2021年01月06日 | 映画・舞台・コンサート
 映画「BOLT」を観た。
 映画「Fukushima50」では、東日本大震災とその後の津波で壊れ果てた原子力発電所で、なんとか被害の拡大を防ごうと、所長や所員たちが空しく奮闘する様子を描き出していた。
 本作品では、事故の初期対応でボルトを締めればなんとかなると思って奮闘した所員たちが、努力も虚しく原子炉の溶解に至った現実に、為す術もなく無力を思い知らされる経緯が、強烈な光とともに描かれる。そして原子炉に近づけなくなるほど被曝したひとりの所員のその後を追う。
 妻は死んだ。たったひとりの家族だった。虚しさを埋めるように被曝地に近い場所で死んだ人の家の片付けをする。
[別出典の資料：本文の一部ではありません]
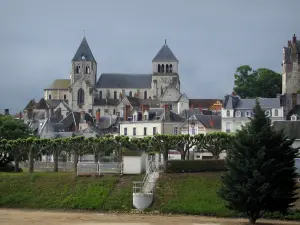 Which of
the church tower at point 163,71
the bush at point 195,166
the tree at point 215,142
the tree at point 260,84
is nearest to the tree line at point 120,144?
the tree at point 215,142

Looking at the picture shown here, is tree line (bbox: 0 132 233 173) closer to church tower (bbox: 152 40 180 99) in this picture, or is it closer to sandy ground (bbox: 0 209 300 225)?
sandy ground (bbox: 0 209 300 225)

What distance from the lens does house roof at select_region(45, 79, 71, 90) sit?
164000 millimetres

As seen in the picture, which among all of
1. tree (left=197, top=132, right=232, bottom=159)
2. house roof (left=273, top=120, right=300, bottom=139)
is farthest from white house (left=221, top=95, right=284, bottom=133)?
tree (left=197, top=132, right=232, bottom=159)

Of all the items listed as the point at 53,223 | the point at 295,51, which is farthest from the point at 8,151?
the point at 295,51

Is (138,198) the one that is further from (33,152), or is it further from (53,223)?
(33,152)

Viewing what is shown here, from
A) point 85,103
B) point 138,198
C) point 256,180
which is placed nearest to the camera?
point 256,180

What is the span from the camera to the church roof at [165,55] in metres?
161

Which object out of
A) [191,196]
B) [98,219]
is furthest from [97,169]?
[98,219]

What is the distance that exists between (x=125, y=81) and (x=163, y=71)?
388 inches

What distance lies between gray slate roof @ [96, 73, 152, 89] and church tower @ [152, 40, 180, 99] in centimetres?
220

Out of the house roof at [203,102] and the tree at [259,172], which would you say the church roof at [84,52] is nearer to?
the house roof at [203,102]

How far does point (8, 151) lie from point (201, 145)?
1957 centimetres

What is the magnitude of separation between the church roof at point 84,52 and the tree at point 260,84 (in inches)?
1861

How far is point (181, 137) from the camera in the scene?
199 feet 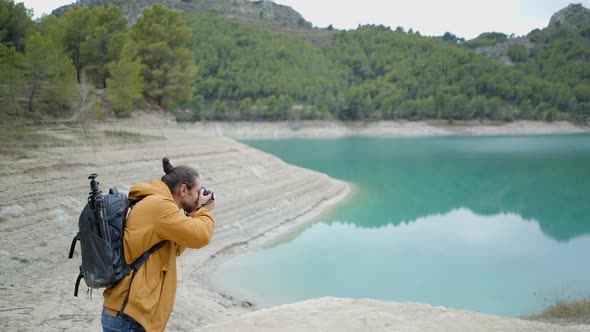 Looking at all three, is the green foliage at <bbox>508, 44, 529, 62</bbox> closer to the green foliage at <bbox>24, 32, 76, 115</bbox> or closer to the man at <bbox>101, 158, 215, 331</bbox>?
the green foliage at <bbox>24, 32, 76, 115</bbox>

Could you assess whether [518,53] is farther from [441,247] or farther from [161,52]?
[441,247]

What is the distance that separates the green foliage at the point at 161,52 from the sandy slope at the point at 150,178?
203 centimetres

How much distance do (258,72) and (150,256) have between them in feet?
299

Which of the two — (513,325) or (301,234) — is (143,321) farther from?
(301,234)

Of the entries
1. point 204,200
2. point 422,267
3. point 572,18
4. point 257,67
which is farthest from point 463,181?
point 572,18

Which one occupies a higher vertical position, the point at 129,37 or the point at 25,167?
the point at 129,37

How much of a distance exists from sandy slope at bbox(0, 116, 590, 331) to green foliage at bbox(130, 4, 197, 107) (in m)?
2.03

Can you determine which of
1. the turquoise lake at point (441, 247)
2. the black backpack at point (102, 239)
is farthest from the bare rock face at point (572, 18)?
the black backpack at point (102, 239)

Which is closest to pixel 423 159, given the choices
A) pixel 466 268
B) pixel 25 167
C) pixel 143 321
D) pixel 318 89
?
pixel 466 268

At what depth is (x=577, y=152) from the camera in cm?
4438

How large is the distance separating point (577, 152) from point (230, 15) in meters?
137

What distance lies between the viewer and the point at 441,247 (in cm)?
1491

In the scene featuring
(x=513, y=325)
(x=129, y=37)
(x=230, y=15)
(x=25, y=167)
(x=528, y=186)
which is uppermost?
(x=230, y=15)

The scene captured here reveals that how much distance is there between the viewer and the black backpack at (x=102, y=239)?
2.37m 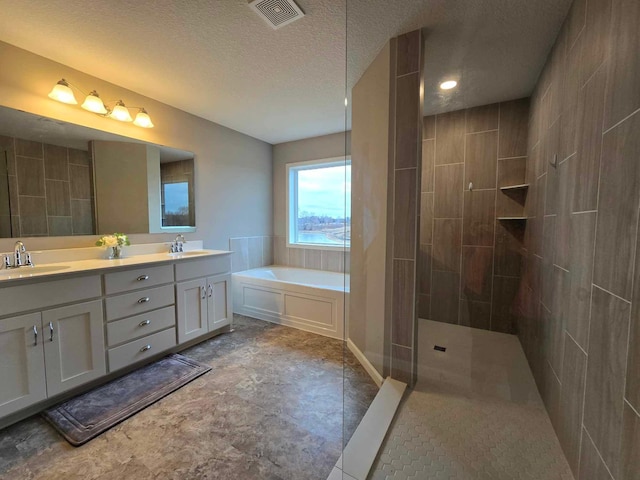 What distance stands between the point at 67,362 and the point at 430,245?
2.68 meters

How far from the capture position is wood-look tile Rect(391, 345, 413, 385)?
1.74 m

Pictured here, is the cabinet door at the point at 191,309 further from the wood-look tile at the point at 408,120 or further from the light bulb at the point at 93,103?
the wood-look tile at the point at 408,120

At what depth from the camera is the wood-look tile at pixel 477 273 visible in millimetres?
2354

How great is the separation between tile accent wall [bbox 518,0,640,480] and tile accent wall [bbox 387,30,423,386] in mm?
708

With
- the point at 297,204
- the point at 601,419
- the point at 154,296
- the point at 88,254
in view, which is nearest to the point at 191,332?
the point at 154,296

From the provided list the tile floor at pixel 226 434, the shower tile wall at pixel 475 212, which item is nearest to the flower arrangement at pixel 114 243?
the tile floor at pixel 226 434

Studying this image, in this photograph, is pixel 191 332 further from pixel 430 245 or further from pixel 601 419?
pixel 601 419

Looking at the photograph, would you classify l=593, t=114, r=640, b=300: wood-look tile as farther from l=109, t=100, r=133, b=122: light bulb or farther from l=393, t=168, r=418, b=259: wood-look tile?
l=109, t=100, r=133, b=122: light bulb

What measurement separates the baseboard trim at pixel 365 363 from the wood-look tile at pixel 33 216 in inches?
102

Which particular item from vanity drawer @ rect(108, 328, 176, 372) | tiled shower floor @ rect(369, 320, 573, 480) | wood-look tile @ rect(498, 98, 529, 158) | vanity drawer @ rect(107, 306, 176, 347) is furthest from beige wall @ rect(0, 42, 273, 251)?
wood-look tile @ rect(498, 98, 529, 158)

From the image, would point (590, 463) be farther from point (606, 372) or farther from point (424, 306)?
point (424, 306)

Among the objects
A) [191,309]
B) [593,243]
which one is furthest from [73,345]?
[593,243]

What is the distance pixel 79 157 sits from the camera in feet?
7.16

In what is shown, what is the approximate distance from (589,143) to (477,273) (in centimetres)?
152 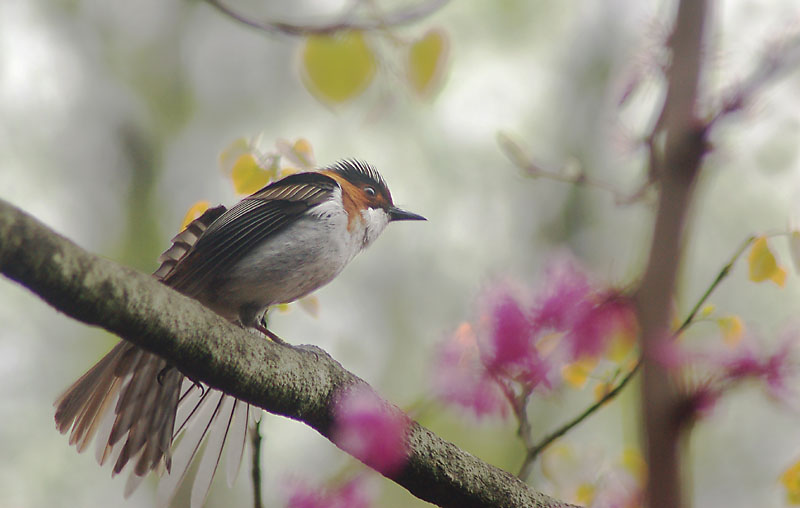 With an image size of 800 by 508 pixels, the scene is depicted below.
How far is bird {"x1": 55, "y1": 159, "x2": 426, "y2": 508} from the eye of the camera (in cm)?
291

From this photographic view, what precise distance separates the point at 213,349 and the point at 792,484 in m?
1.66

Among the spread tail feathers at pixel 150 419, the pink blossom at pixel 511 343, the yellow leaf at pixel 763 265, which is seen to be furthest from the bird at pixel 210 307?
the yellow leaf at pixel 763 265

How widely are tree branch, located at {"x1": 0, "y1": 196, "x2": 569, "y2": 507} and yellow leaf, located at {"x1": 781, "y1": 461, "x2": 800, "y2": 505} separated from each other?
676 mm

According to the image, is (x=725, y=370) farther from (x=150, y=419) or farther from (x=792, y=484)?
(x=150, y=419)

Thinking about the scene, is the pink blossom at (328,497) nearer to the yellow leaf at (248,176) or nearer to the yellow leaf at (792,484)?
the yellow leaf at (248,176)

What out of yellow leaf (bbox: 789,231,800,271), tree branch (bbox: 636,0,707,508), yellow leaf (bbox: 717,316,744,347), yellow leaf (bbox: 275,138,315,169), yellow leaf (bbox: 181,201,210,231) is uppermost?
yellow leaf (bbox: 275,138,315,169)

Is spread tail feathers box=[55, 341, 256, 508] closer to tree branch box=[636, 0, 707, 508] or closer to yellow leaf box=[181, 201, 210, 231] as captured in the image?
yellow leaf box=[181, 201, 210, 231]

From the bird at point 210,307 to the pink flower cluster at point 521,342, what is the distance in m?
1.05

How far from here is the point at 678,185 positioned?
106cm

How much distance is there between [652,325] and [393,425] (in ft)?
3.46

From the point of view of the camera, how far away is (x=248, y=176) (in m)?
2.70

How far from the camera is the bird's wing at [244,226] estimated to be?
3.01 m

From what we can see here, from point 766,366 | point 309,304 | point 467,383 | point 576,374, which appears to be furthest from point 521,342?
point 309,304

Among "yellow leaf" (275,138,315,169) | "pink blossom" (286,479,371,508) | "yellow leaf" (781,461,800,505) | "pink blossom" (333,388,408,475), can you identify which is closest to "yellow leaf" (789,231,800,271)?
"yellow leaf" (781,461,800,505) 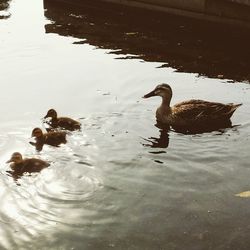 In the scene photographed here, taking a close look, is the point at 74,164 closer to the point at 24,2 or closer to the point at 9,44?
the point at 9,44

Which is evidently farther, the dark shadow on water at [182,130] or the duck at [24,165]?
the dark shadow on water at [182,130]

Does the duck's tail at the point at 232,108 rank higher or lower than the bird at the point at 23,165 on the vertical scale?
higher

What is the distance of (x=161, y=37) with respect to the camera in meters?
17.5

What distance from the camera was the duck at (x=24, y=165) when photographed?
811 centimetres

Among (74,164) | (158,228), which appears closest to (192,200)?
(158,228)

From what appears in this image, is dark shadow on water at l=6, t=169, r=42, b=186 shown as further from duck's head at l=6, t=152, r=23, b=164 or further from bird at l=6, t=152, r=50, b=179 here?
duck's head at l=6, t=152, r=23, b=164

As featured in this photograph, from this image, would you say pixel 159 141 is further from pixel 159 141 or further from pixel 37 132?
pixel 37 132

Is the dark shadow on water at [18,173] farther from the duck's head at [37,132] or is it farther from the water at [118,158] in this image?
the duck's head at [37,132]

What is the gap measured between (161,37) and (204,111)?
777cm

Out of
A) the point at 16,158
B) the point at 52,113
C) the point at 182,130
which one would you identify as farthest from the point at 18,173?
the point at 182,130

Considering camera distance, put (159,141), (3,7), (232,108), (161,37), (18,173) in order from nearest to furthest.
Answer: (18,173) < (159,141) < (232,108) < (161,37) < (3,7)

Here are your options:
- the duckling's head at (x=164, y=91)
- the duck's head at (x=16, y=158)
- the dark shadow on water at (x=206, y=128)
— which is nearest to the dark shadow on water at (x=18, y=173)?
the duck's head at (x=16, y=158)

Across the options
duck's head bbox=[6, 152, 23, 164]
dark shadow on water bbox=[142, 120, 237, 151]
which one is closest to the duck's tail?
dark shadow on water bbox=[142, 120, 237, 151]

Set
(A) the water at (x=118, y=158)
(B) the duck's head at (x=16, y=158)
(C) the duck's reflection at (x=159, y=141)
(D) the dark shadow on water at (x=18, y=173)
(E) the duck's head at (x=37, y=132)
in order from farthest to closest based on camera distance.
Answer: (C) the duck's reflection at (x=159, y=141) → (E) the duck's head at (x=37, y=132) → (B) the duck's head at (x=16, y=158) → (D) the dark shadow on water at (x=18, y=173) → (A) the water at (x=118, y=158) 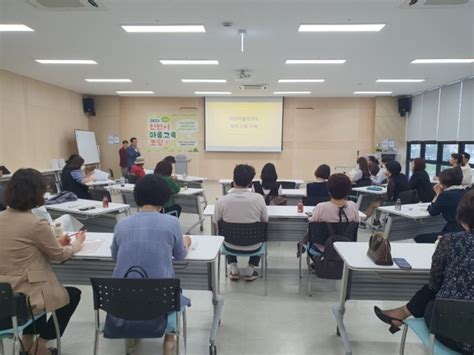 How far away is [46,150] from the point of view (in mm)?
8672

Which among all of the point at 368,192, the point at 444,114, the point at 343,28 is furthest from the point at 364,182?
the point at 444,114

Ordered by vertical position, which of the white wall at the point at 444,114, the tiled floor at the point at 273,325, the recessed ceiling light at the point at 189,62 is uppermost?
the recessed ceiling light at the point at 189,62

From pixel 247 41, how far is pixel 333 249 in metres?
3.50

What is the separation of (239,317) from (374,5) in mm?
3535

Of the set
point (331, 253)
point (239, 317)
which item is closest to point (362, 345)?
point (331, 253)

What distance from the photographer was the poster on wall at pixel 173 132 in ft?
35.7

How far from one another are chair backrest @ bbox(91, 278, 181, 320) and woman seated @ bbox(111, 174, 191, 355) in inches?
5.6

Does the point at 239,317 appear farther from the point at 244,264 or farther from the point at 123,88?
the point at 123,88

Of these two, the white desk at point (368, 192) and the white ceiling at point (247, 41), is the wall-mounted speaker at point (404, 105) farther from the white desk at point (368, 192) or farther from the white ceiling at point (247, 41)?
the white desk at point (368, 192)

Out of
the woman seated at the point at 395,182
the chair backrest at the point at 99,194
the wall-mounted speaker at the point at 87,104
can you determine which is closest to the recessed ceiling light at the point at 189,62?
the chair backrest at the point at 99,194

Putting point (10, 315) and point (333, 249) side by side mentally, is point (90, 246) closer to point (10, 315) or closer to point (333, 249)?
point (10, 315)

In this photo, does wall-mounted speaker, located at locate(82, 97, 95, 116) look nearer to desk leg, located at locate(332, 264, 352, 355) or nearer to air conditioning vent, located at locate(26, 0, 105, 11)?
air conditioning vent, located at locate(26, 0, 105, 11)

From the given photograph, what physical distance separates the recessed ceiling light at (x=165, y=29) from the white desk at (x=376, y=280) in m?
3.40

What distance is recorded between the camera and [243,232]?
2883 mm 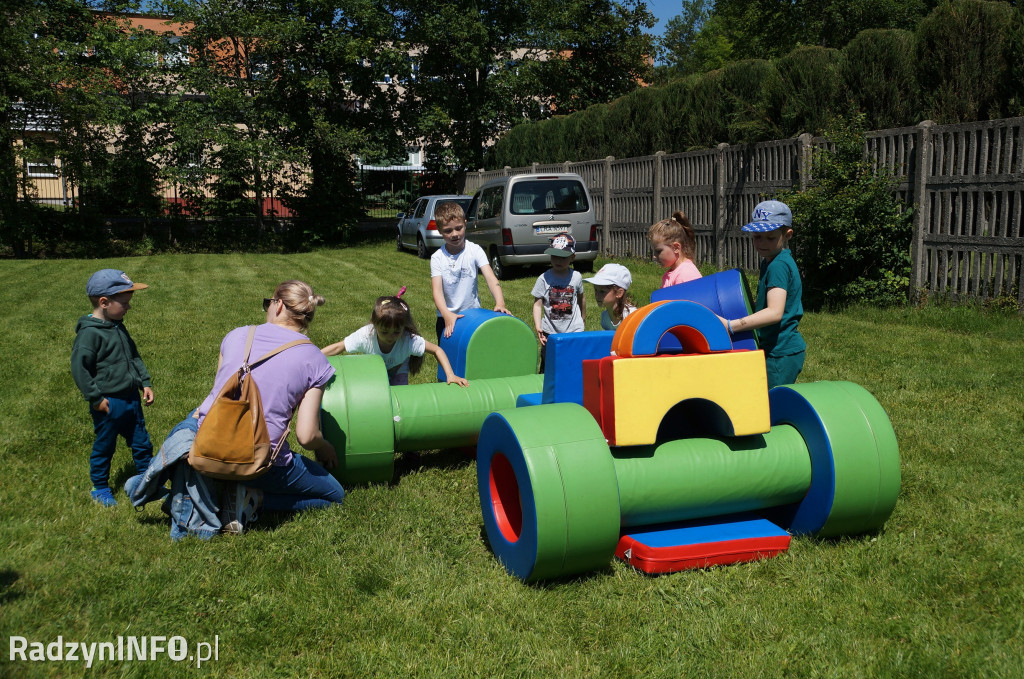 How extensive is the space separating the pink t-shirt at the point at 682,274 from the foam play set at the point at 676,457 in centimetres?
76

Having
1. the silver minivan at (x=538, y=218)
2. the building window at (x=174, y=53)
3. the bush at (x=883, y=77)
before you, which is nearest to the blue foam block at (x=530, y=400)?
the bush at (x=883, y=77)

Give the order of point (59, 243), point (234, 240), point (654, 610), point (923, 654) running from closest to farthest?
point (923, 654) → point (654, 610) → point (59, 243) → point (234, 240)

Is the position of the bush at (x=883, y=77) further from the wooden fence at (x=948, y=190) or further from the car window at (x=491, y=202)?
Result: the car window at (x=491, y=202)

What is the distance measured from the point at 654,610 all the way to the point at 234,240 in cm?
2227

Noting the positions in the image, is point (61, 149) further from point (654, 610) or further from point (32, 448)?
point (654, 610)

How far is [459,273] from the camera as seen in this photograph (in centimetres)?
637

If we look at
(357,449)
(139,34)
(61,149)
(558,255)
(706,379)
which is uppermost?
(139,34)

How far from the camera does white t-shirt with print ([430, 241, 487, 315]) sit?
6.34 meters

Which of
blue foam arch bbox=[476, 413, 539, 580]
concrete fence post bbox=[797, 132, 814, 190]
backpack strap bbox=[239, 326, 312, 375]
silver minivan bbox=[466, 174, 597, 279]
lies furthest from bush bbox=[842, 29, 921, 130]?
backpack strap bbox=[239, 326, 312, 375]

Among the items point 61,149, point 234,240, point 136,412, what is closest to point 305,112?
point 234,240

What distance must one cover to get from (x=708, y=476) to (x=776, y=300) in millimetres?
1235

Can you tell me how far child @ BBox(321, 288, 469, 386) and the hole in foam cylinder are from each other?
1256 mm

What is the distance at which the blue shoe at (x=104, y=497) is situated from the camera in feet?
15.4

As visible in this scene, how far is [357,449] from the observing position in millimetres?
4695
家族を失って親戚も死んで、たったひとり、希望もなく生きて、そして死んだ人だ。その人の家を片付けて処分する仕事である。誰もやりたがらない仕事だからギャラはいい。しかし思うのだ。自分とあの死んだ老人は何が違うのだろうか。タイミングが違ったら立場が逆になっていてもおかしくない。生きている自分と、死んだ老人。
 それでも生きていく。生きていく以外に自分にできることはない。原発の真ん中にいたのに不思議に永らえた命だ。死ぬ選択もあるし、多分すぐに実行できる。しかし死なずに生きていくのだ。妻の面影は自分の中でずっと生き続けている。自分の面影は妻の中で生き続けているのだろうか。優しい妻は話しかける。あなたのことは忘れない。
 永瀬正敏はうまい。人間の不幸のすべてを背負って生きているような悲壮感がある。実際に原発事故の現場にいた東京電力の所員は、責任感と罪悪感の間(はざま)で苦しんでいただろうし、いまも苦しんでいる人もいると思う。現場の状況を知らない経営陣との実感の乖離は相当なものだっただろう。すぐに現場に行った菅直人はそれなりに頑張ったと思うが、本人は自分の力不足、準備不足を認めていた。
 福島原発に10m以上の津波が来たらどうするのかについての国会質問が、2006年に共産党の吉井英勝議員から出されている。当時の総理大臣はアベシンゾウ。アベはそんな事態は考えられないと一蹴し、役人が作成した「今後とも原子力の安全確保に万全を期してまいりたい」という紋切り型の答弁を繰り返した。総理大臣に国民の安全を守るための無作為は許されない。福島原発事故について本当に罪があるのは誰か明らかである。しかし実際には現場の人間や事故当時の内閣が責められた。理不尽な話である。アベシンゾウの口癖は「悪夢の民主党政権」だ。しかし本当の悪夢の政権の総理が誰なのか、今となっては誰にも判る。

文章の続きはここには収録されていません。